───── Records supplied

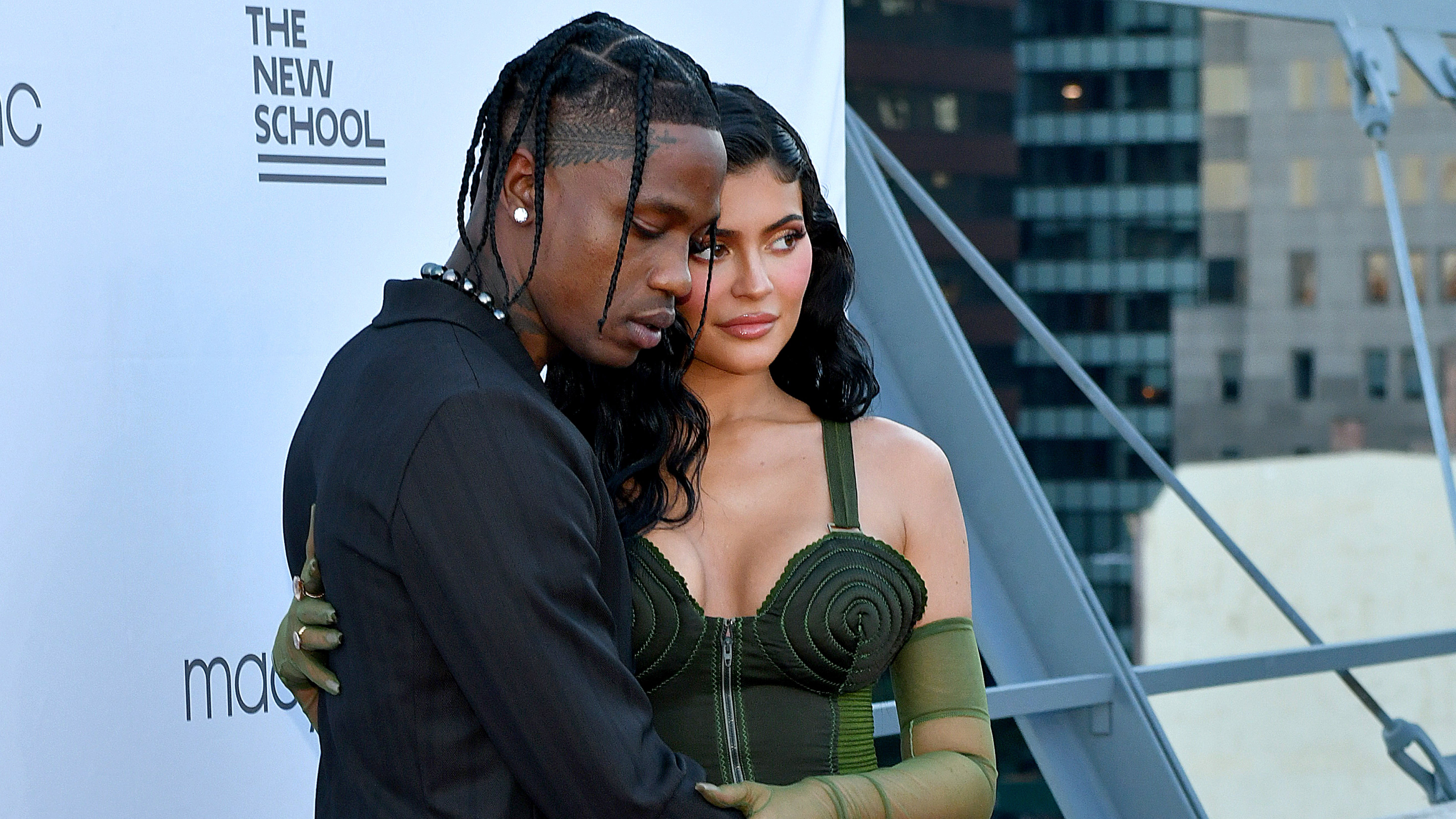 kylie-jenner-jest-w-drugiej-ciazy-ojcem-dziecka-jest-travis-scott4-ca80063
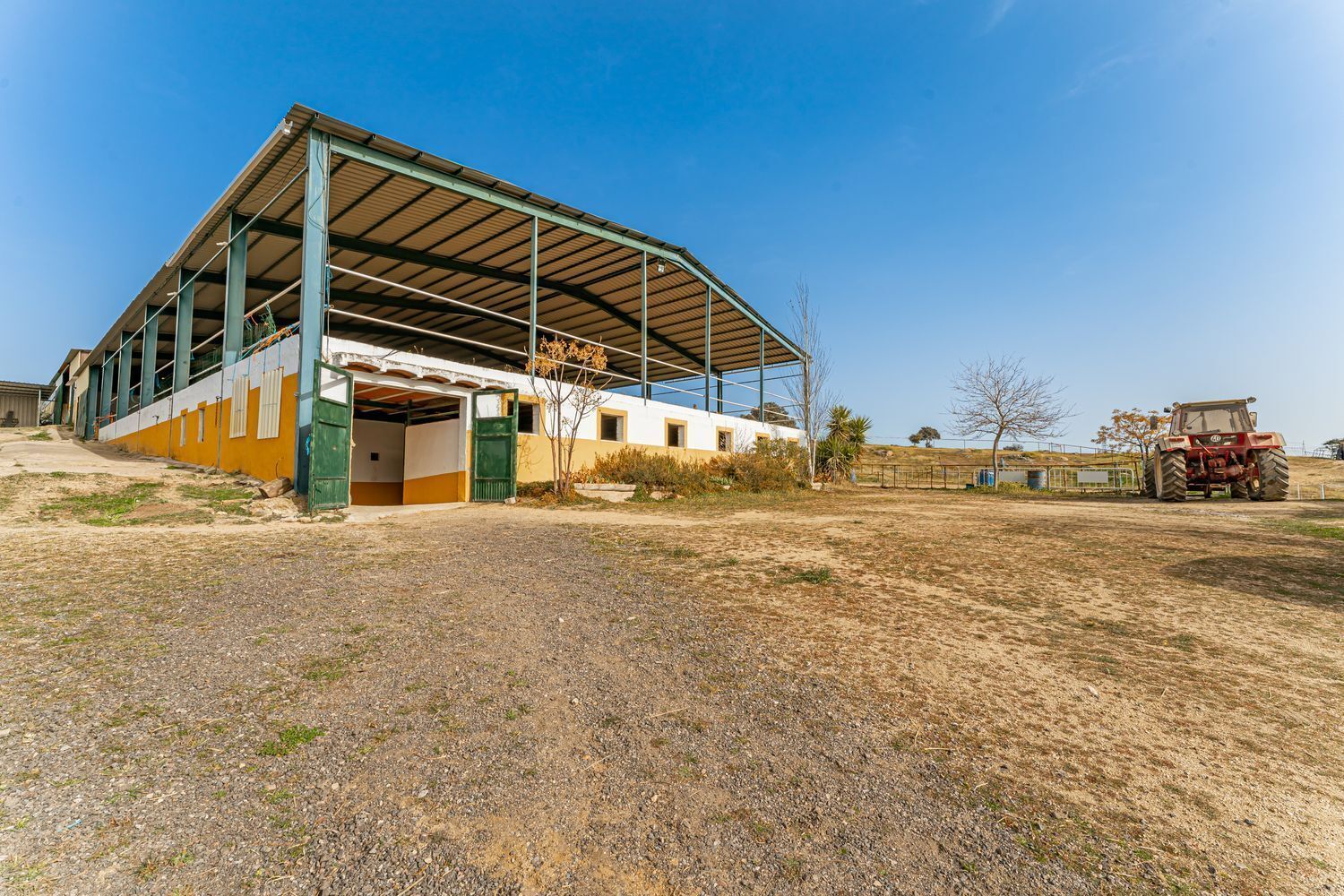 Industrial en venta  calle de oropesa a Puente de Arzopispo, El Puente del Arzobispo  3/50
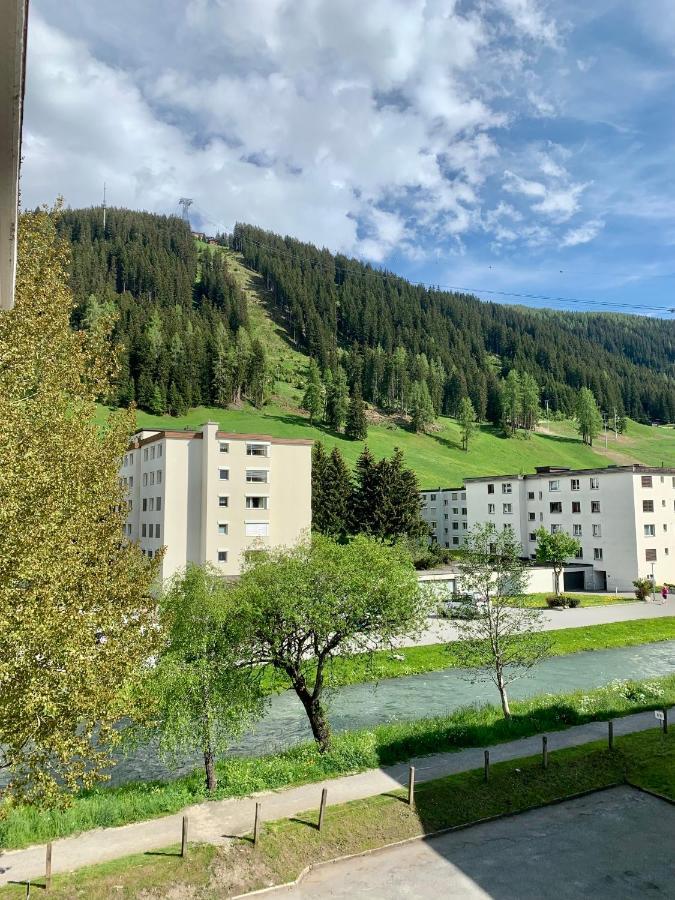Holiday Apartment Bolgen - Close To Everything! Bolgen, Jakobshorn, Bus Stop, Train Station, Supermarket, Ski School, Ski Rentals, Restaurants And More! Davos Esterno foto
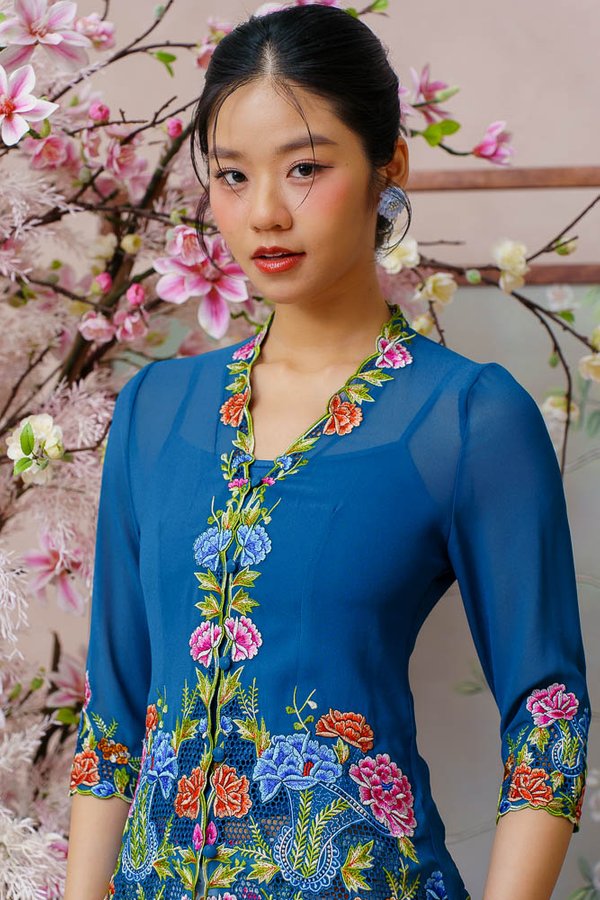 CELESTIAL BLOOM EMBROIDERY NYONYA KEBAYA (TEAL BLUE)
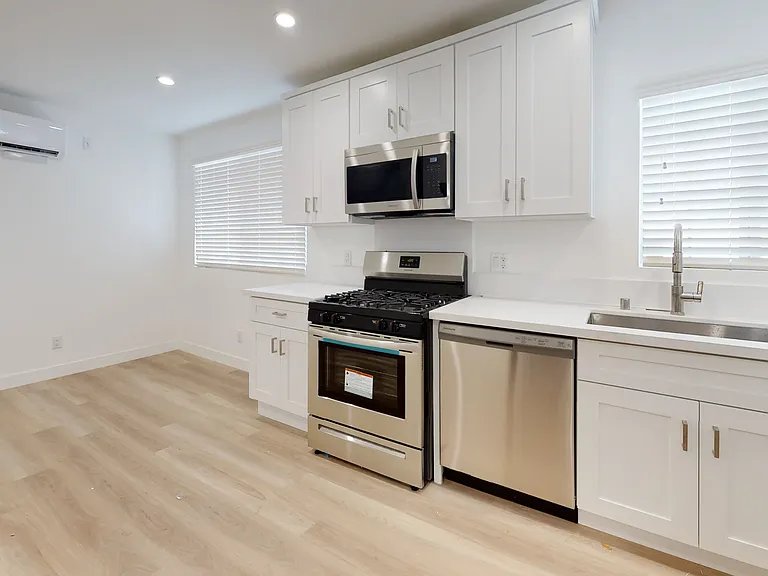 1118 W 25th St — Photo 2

──────────

### What you need to do:
The entries above should be retyped word for word, with all pictures omitted.

### Response:
 kylie-jenner-jest-w-drugiej-ciazy-ojcem-dziecka-jest-travis-scott4-ca80063
 Industrial en venta  calle de oropesa a Puente de Arzopispo, El Puente del Arzobispo  3/50
Holiday Apartment Bolgen - Close To Everything! Bolgen, Jakobshorn, Bus Stop, Train Station, Supermarket, Ski School, Ski Rentals, Restaurants And More! Davos Esterno foto
 CELESTIAL BLOOM EMBROIDERY NYONYA KEBAYA (TEAL BLUE)
 1118 W 25th St — Photo 2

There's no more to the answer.